__Information shown__
===

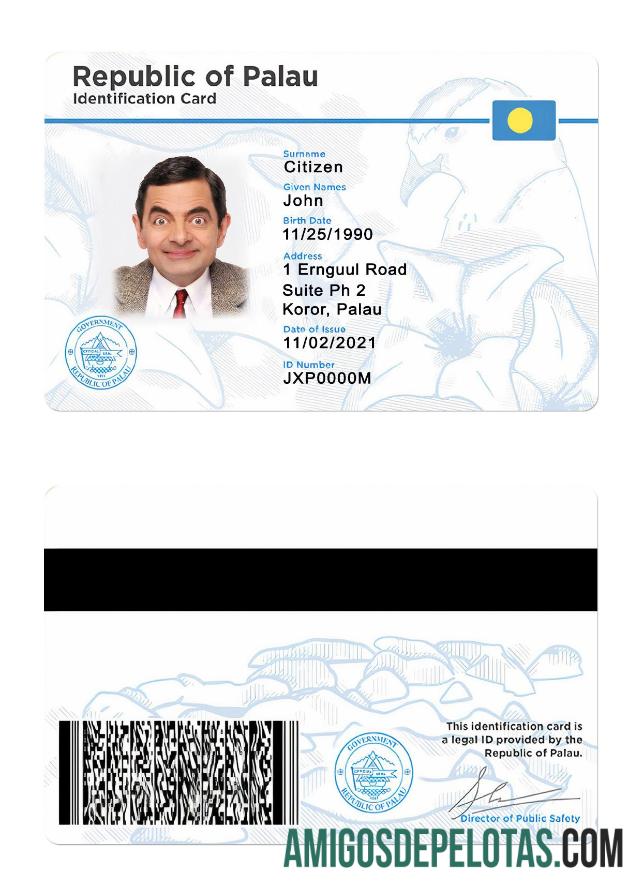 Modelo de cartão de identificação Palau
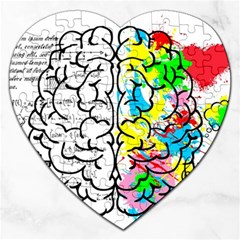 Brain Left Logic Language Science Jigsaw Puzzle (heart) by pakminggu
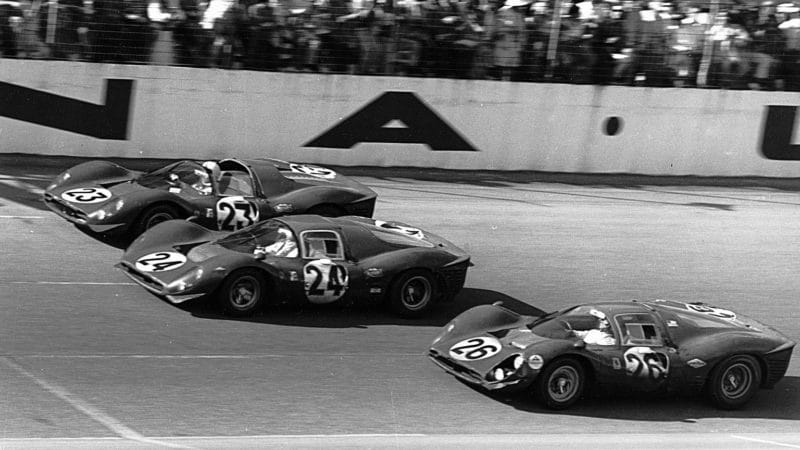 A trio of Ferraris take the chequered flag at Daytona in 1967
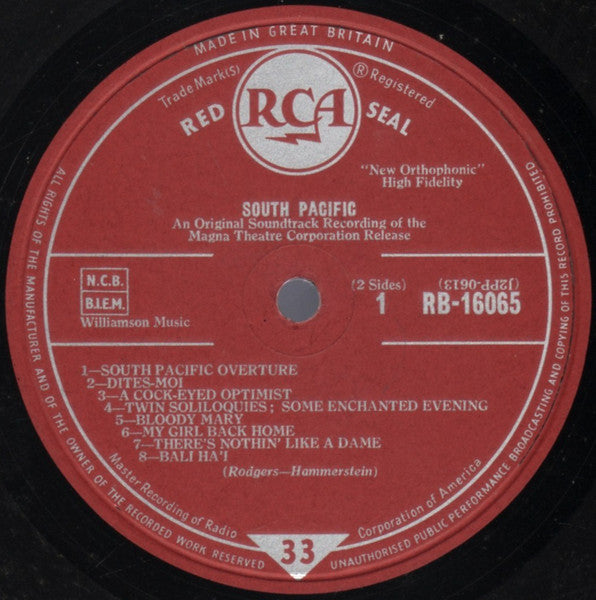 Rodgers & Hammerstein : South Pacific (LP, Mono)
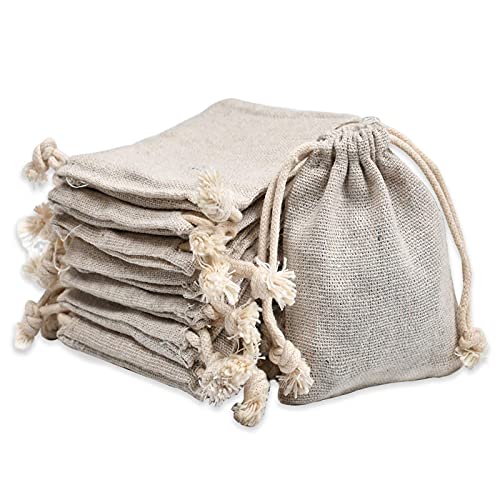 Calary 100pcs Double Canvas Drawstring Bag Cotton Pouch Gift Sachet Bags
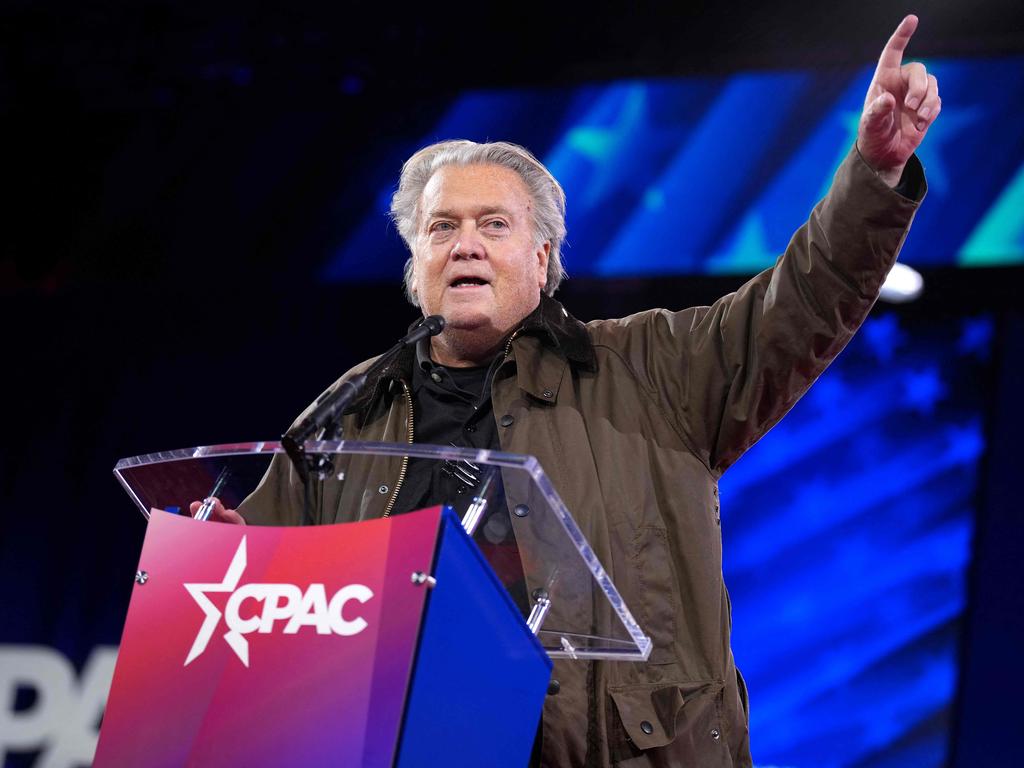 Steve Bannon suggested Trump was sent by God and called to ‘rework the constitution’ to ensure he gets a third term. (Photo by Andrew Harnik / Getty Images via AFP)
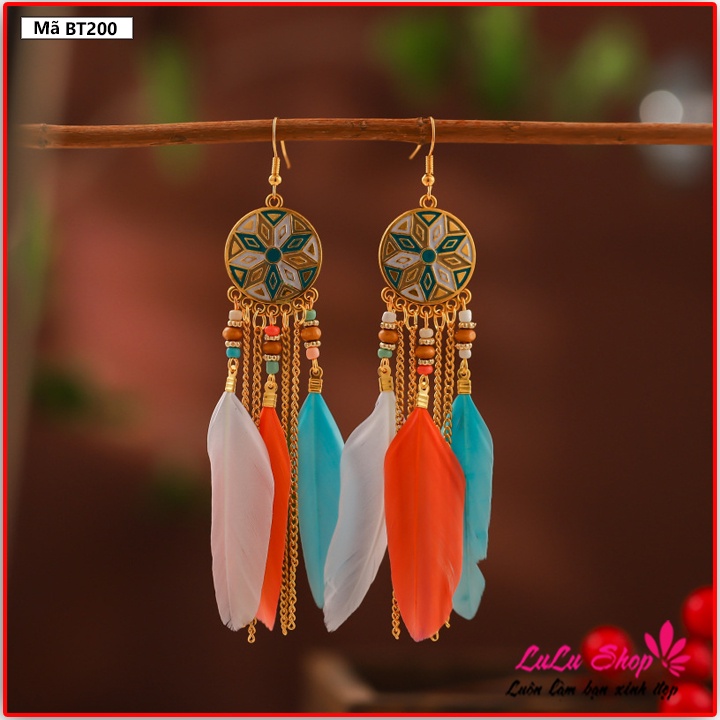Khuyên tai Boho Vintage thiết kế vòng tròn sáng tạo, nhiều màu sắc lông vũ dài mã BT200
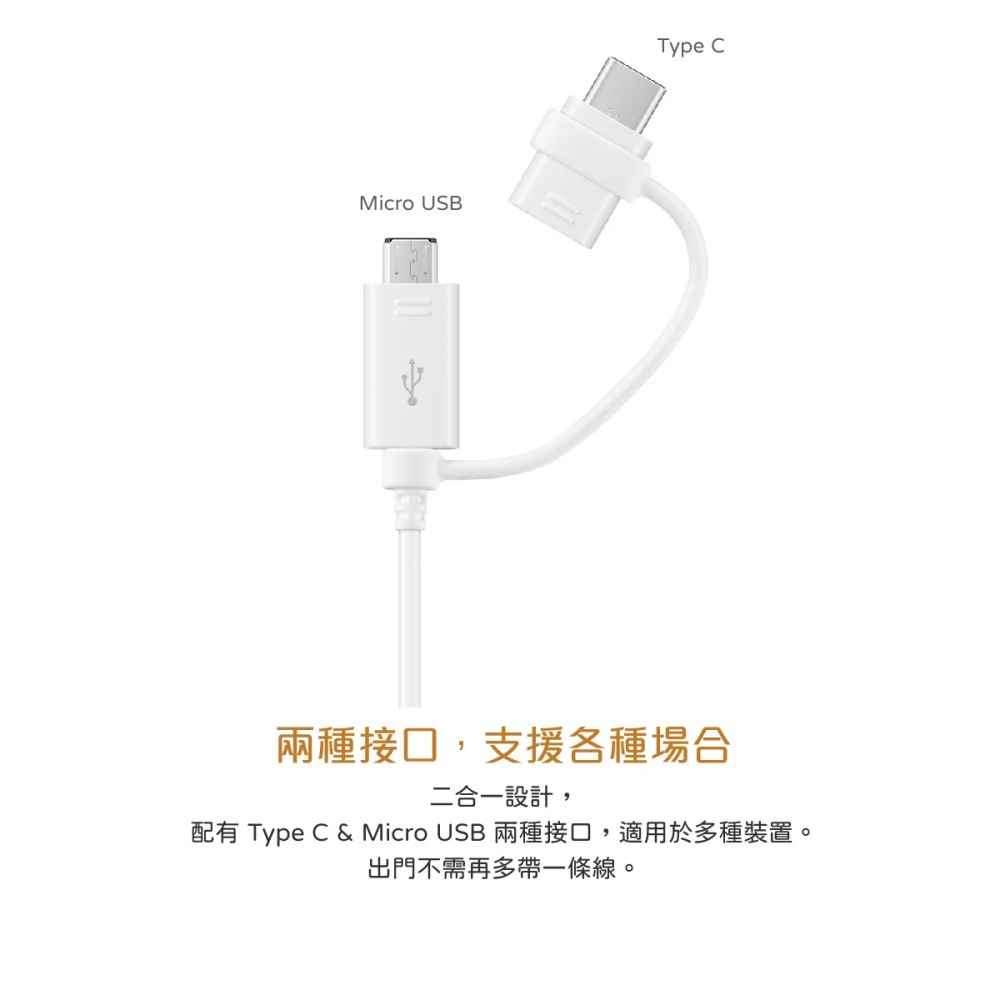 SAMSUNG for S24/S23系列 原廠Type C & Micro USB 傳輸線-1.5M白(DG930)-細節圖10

===

__Try it__
After locating the line containing "Khuyên tai Boho" in the entries above, repeat only it and each later line through the end, exactly, without any pictures.

__Result__
Khuyên tai Boho Vintage thiết kế vòng tròn sáng tạo, nhiều màu sắc lông vũ dài mã BT200
 SAMSUNG for S24/S23系列 原廠Type C & Micro USB 傳輸線-1.5M白(DG930)-細節圖10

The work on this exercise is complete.